Many of the pagans, seeing the bravery of the saint and the miraculous healing of his wounds, believed in Christ. People flocked to Saint Clement in prison for guidance, healing and Baptism, so that the prison was literally transformed into a church. When word of this reached the emperor, many of these new Christians were executed.
Diocletian, struck by the amazing endurance of Saint Clement, sent him to Nicomedia to his co-emperor Maximian. On the ship, the saint was joined by his disciple Agathangelus, who had avoided being executed with the other confessors, and who now wanted to suffer and die for Christ with Bishop Clement.
The emperor Maximian in turn sent Saints Clement and Agathangelus to the governor Agrippina, who subjected them to such inhuman torments, that even the pagan on-lookers felt pity for the martyrs and they began to pelt the torturers with stones.
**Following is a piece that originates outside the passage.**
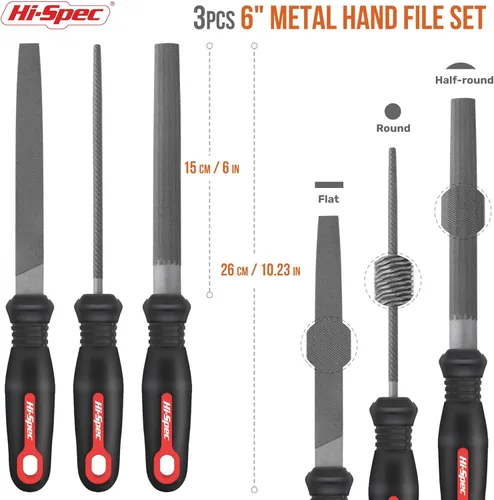Miniatura 2 de Hi-Spec Juego de 3 limas manuales de metal. Limas de acero grandes. Plana, redonda y semirredonda para manualidades, trabajo de metal y madera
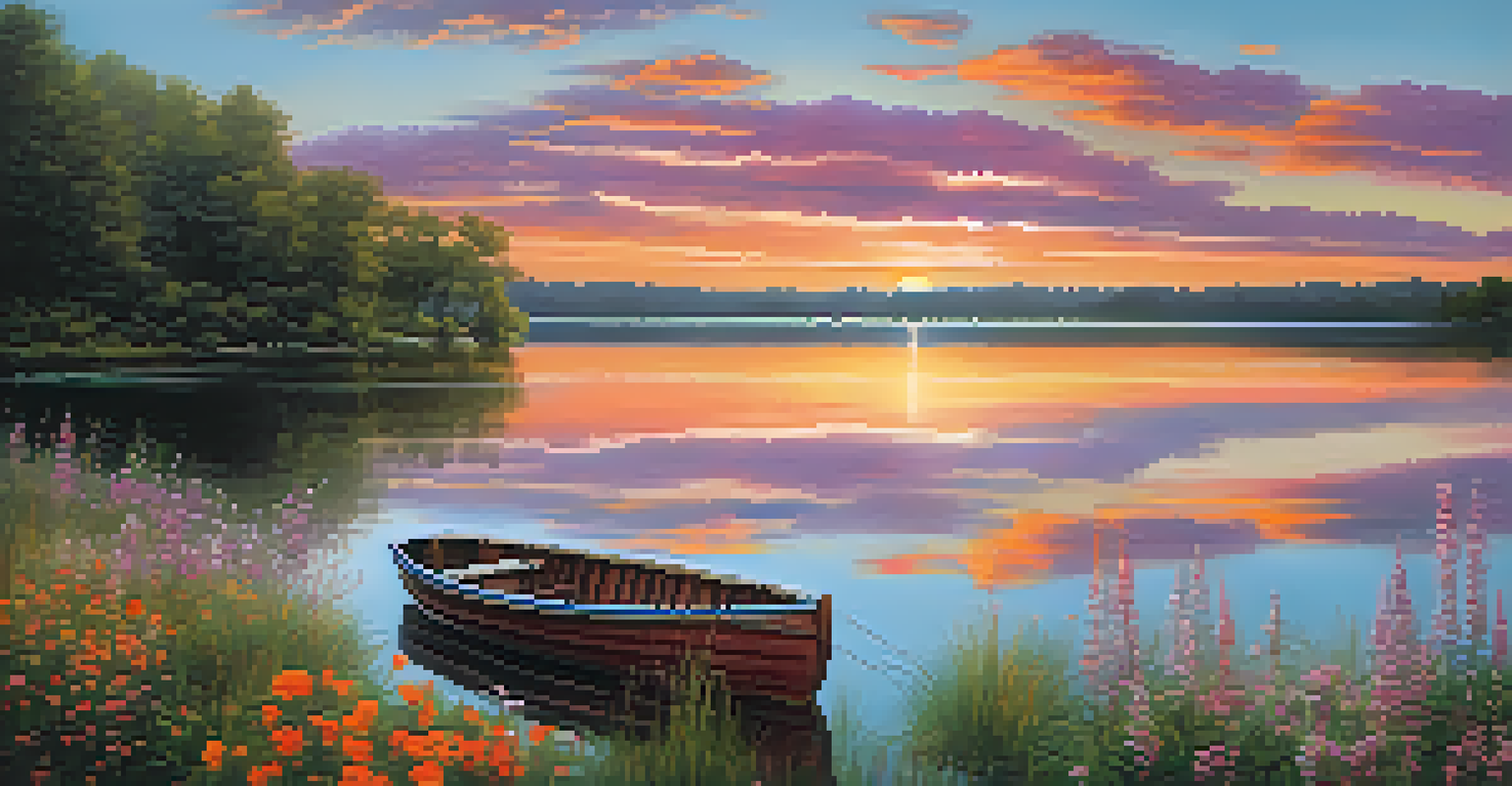 A peaceful lake at sunset with colorful reflections, a small boat, and wildflowers along the shore.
Having been set free, the saints healed an inhabitant of the city through the laying on of hands and they baptized and instructed people, thronging to them in multitudes. Arrested again on orders of Maximian, they were sent home to Ancyra, where the ruler Cyrenius had them tortured. Then they were sent to the city of Amasea to the proconsul Dometius, known for his great cruelty.
In Amasea, the martyrs were thrown into hot lime. They spent a whole day in it and remained unharmed. They flayed them, beat them with iron rods, set them on red-hot beds, and poured sulfur on their bodies.
All this failed to harm the saints, and they were sent to Tarsus for new tortures. In the wilderness along the way Saint Clement had a revelation that he would suffer a total of twenty-eight years for Christ. Then having endured a multitude of tortures, the saints were locked up in prison.
Saint Agathangelus was beheaded with the sword on November 5. The Christians of Ancyra freed Saint Clement from prison and took him to a cave church.
There, after celebrating Liturgy, the saint announced to the faithful the impending end of the persecution and his own martyrdom. On January 23, the holy hierarch was killed by soldiers from the city, who stormed the church.
The saint was beheaded as he stood before the altar and offered the Bloodless Sacrifice. Two deacons, Christopher and Chariton, were beheaded with him, but no one else was harmed.
2. The Sixth Ecumenical Council was convened by the emperor Constantine Pogonatos (668-685) at Constantinople in the year 681 to combat the Monothelite heresy. At it 171 holy Fathers were present, who affirmed the doctrine of two wills in Jesus Christ, the divine and the human.
This Council was followed by another Council in the year 691, called the Council of Trullo. This Council addressed certain practical matters, and 102 canons were promulgated.